Getting the images in order

Every project is different, so having some scripting skills comes in handy. This book is over 600 pages long so it was definitely worthwhile to create a tool that would help automate the task of renaming the image files in something that approximated page order.

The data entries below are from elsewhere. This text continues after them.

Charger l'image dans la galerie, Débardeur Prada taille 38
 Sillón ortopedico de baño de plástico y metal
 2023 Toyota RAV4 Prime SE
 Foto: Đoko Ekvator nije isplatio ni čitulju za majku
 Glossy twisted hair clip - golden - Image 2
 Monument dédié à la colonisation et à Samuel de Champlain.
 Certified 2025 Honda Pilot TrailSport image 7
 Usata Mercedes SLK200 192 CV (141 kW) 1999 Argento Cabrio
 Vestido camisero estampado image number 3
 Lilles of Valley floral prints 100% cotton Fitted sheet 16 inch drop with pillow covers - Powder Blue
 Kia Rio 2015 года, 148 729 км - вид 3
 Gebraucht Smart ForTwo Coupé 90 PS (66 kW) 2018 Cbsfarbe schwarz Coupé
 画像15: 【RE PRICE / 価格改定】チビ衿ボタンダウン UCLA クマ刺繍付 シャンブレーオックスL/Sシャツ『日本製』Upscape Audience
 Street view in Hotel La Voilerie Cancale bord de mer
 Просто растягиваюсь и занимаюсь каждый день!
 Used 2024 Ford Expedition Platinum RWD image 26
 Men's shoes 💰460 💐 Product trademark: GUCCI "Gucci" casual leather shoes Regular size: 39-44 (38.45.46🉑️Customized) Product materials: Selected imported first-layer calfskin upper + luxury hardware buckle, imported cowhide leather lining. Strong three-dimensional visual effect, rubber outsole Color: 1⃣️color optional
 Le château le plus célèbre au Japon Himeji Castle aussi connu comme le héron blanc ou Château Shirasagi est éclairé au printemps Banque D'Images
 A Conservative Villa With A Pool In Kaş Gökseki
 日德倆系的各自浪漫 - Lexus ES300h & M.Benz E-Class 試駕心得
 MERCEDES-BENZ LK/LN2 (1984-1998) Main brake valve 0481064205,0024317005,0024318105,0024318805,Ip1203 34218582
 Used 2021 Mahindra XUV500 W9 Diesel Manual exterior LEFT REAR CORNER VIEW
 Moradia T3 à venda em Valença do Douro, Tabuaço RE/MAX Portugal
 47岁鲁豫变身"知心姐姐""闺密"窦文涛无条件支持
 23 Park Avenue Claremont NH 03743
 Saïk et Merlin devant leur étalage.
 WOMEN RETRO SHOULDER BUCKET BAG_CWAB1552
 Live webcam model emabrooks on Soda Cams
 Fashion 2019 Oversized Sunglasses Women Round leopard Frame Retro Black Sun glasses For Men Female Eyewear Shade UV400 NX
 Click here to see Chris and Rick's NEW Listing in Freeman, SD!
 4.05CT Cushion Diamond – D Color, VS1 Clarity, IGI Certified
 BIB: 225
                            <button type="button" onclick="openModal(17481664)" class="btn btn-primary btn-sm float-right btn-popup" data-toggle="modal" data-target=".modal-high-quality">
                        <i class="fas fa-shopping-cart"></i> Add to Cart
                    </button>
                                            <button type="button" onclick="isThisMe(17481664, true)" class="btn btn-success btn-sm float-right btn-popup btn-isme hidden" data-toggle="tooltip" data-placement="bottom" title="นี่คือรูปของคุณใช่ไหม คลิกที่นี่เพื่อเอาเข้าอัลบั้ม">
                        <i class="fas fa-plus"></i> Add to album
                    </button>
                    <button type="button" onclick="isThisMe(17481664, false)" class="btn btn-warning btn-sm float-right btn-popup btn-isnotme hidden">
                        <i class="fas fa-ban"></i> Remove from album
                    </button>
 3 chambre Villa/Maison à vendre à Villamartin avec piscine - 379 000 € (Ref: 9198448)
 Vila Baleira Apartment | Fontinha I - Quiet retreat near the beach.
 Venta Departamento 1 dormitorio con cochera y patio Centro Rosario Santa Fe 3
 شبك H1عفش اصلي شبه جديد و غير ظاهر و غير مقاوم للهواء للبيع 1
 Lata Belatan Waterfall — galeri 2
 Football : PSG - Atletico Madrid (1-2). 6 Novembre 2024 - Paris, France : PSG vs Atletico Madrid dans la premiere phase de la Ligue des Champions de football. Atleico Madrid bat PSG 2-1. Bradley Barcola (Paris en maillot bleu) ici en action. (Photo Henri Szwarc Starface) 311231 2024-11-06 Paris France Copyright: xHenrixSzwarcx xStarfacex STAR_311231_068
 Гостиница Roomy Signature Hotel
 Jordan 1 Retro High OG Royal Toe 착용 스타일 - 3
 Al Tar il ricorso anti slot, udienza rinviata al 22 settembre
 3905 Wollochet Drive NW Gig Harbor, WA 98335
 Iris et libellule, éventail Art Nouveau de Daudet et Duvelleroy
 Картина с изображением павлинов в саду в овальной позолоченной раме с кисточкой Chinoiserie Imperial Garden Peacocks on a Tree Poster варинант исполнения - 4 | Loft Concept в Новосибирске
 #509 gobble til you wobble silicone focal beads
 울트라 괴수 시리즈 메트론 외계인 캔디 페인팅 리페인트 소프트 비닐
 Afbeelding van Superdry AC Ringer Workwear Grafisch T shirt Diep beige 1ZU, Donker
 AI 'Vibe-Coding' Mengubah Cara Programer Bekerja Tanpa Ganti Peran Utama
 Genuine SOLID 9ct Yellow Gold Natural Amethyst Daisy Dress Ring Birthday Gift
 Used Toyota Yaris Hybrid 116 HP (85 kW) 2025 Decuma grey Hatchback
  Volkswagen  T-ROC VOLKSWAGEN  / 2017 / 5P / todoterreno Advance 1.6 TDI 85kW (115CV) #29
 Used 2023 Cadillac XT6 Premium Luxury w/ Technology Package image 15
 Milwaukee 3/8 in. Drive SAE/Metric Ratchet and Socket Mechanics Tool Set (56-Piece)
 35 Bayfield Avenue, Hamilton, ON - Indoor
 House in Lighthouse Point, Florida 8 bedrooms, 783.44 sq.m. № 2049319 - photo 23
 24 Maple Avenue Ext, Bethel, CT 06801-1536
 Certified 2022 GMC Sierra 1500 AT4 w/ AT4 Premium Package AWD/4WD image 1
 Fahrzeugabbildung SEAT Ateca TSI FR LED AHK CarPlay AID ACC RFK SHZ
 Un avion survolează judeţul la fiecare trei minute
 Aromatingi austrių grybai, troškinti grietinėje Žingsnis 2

I worked on one signature at a time and renamed the files after I had completed scanning both sides of each leaf. That means I was left with all the odd pages in one file name range, followed by the corresponding even pages in the next range. Time for Perl!

#!/usr/bin/perl

use strict;
use File::Copy;

my ($firstfile, $lastfile, $startnum, $increment) = @ARGV;

$firstfile =~ /(.*?)([0-9]+)(\..*)/;

my ($pre, $input_fnumpart, $suff)=($1, $2, $3);

print "First file number part is '$input_fnumpart'\n";
print "And is " . length($input_fnumpart) . " long\n";

my $l = length($input_fnumpart);
my $sprin = "%0$l" . "d";
my @inputfilenames;
my $inputfilename=$firstfile;
my $number=0;
push(@inputfilenames, $inputfilename);

while ($inputfilename ne $lastfile) {
	$number++;
	$inputfilename = $pre 
            . sprintf($sprin, $number + $input_fnumpart)
            . $suff;
	push(@inputfilenames, $inputfilename);
}

print "@inputfilenames\n";
for my $inputfilename (@inputfilenames) {
	$inputfilename =~ /(.*?)([0-9]+)(\..*)/;
	my ($pre, $input_fnumpart, $suff)=($1, $2, $3);
	my $outputfilename = $inputfilename;
	my $output_fnumpart = sprintf($sprin, $startnum);
	$outputfilename =~ s/$input_fnumpart/$output_fnumpart/g;
	$startnum += $increment;
	print "mv $inputfilename $outputfilename\n";	
	move($inputfilename, "renamed/$outputfilename");
}

Does the script detect the page numbers in the image? No, you have to do that yourself. Good question, though. Some images are well-suited to such a process (with tesseract-ocr and imagemagick), but I didn't try it here.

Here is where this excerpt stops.